Over the past few weeks, GPS connectivity issues have been repeatedly been reported in the vicinity of Kaliningrad, including in Poland as well as in the wider Baltic region, with the issue reaching southern Swedish and northeastern German regions.

While multiple media reports attributed the interference to Russian electronic warfare jammers allegedly getting activated in Kaliningrad, the troubles also correspond with the ongoing military maneuvers of the US-led NATO bloc in the area, said to be the largest exercise staged since the end of the Cold War era. Neither of the suspected parties who might have been causing the GPS interference has provided any public comment on the matter.

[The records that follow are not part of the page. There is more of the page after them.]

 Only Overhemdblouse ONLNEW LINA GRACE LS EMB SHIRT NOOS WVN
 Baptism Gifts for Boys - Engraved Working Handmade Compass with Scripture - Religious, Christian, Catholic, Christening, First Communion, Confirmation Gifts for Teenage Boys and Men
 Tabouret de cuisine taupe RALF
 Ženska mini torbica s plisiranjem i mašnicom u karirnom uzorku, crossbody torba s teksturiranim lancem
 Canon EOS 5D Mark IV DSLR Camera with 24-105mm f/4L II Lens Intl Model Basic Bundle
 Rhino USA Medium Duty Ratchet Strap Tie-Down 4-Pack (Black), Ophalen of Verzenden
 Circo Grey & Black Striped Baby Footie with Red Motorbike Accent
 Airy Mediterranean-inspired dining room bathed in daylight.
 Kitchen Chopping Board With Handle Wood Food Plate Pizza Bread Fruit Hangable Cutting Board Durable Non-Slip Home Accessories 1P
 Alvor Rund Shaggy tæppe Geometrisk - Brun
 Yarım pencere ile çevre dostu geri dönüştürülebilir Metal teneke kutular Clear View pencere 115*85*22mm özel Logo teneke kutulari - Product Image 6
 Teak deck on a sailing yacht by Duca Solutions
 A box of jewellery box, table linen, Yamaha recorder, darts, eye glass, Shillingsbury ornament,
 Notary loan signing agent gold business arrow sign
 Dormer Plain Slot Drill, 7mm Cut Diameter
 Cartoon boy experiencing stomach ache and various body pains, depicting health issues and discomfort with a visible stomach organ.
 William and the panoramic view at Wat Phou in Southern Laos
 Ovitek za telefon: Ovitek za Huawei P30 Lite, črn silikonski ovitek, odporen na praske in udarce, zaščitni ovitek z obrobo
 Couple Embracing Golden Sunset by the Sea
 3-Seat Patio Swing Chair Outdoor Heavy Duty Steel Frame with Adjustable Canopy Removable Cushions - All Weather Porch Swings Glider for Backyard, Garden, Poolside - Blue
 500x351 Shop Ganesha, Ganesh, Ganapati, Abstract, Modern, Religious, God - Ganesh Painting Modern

The incident occurred off the Russian exclave of Kaliningrad, with media reports blaming the interference on Moscow

The UK Ministry of Defence has publicly expressed concerns after a RAF plane with Defence Secretary Grant Shapps was subjected to GPS jamming while flying near the Russian exclave of Kaliningrad. While London did not explicitly assign blame for the incident, British media reports are claiming Moscow was behind it.

The incident was publicized by the ministry on Thursday, with a spokesperson revealing the electronic interference had occurred while Shapps was traveling back to the UK from Poland on Wednesday.

“The plane carrying the defence secretary and his delegation temporarily experienced GPS jamming when they flew close to Kaliningrad,” the spokesperson said.

“It didn’t threaten the safety of the aircraft and it is not unusual for aircraft to experience GPS jamming near Kaliningrad, which is, of course, Russian territory,” the official added.

While the ministry did not overtly attach any blame for the incident on Russia, government sources told the British media that this was likely the case. No actual evidence to back up such allegations, however, has been presented.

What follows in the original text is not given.